Saturday, April 16, 2011
Child of the Atom
By David Blandy and Inko
Just before I left the UK I happened upon an art gallery showing a kind of neat exhibition. It featured action figures, comic books, a video game, and several video pieces all about the creator, David Blandy. Not that Blandy created all the stuff himself, rather he had hired other people to draw the comics (and maybe make the other stuff?) based upon his ideas.
It was a kind of neat idea, and the reverse of the art pieces I've seen that try to take a fictional character and make them real.
This comic is about Hiroshima, and if you'll allow me a brief moment I will tell you about my time there, as at this point I don't think I'm ever going to make a zine about that trip. I visited Japan in 2007 after living and traveling around Asia for most of the previous two years. I did the normal geeky stuff in Japan: went to Harajuku, went to the science museum, went to the Ghibli museum, looked at the homeless people's cardboard dwellings, hitchhiked on buses of old people (okay, so maybe my trip wasn't always normal).

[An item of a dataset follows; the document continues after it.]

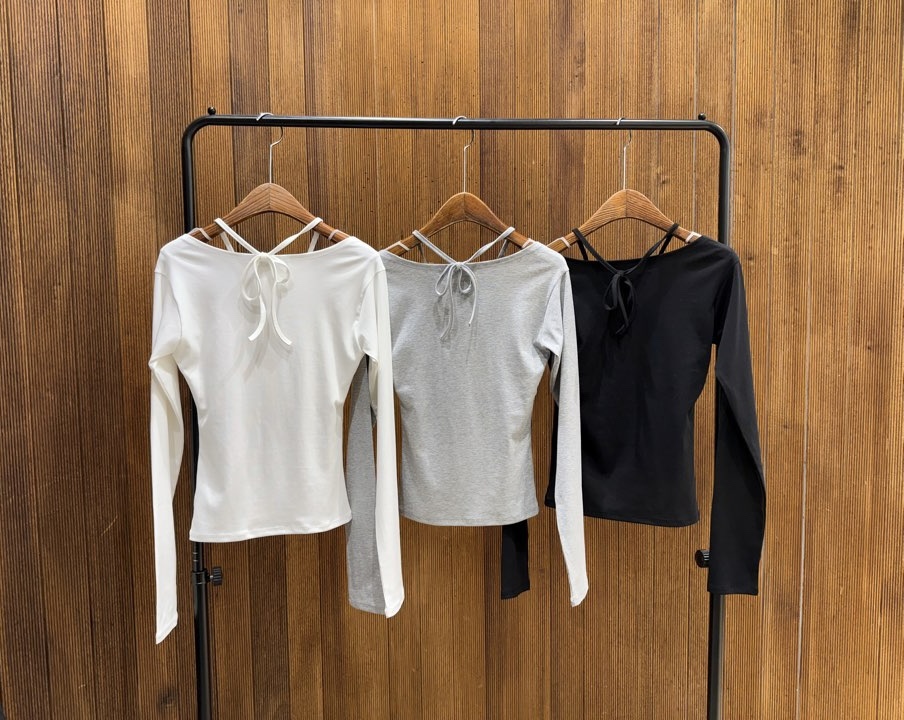 2TWO MOON韓國東大門直郵女士新款時尚26春夏長袖T恤露肩2TWO MOON長袖T恤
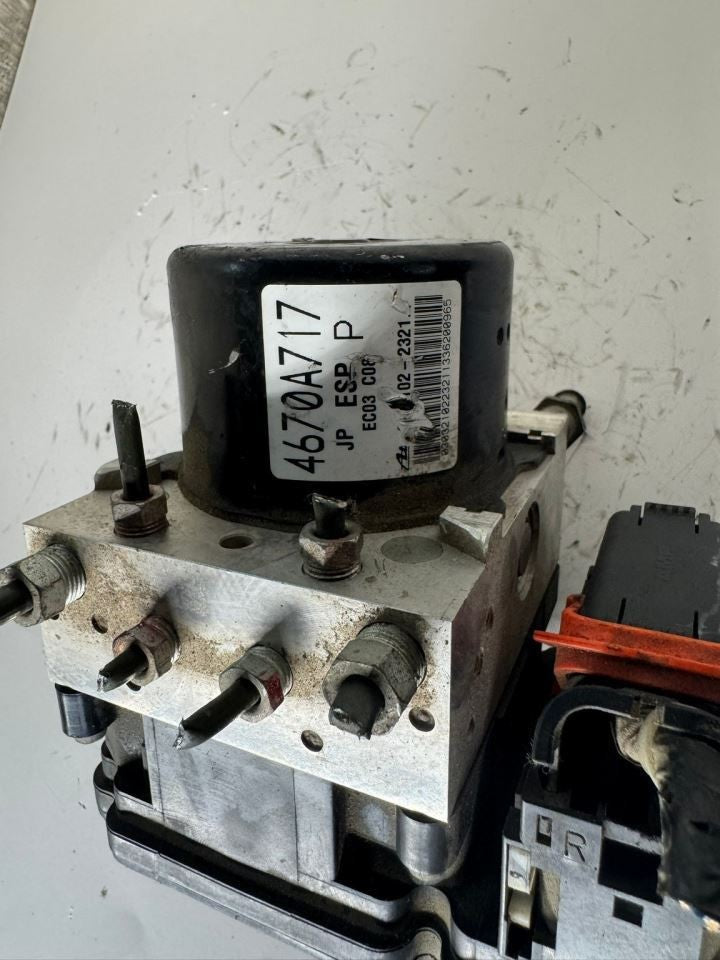 09-17 LANCER ABS Pump Anti Lock Brake Module - 4670A717; 06.2109-6032.3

And then I got to Hiroshima, which in many ways was my favourite city in Japan. There was a rad tram system, the food was good, there were art galleries, the people were friendly, and it just seemed nice. Except that you never knew when you would turn the corner and uncover a memorial to the people that died because of the nuclear explosion.
I cried looking at the monuments and museums. I cried reading Barefoot Gen (a really good, if brutal, comic you should read) in a library. I cried because to so many people this was just another tourist attraction to be bussed to. I cried because I don't know how the war could have ended with less loss of life. I cried because I remembered how the Japanese had kept their prisoners of war in Sandakan a few months before. I cried when I saw the paper cranes.
All of this is to say that I don't really know how to review a comic like this. The wordless comic and images of Hiroshima conjure up a lot of memories for me, but I have no idea what someone who hasn't been to these places will take from it.
One thing that is interesting, and the reason Blandy created this comic, is that he and his family sort of feel they owe their lives to the bombs dropped on Hiroshima and Nagasaki. Blandy's grandfather was in a Japanese POW camp and believed that if the war hadn't ended the way it did, he wouldn't have survived. Which is something to think about at any rate.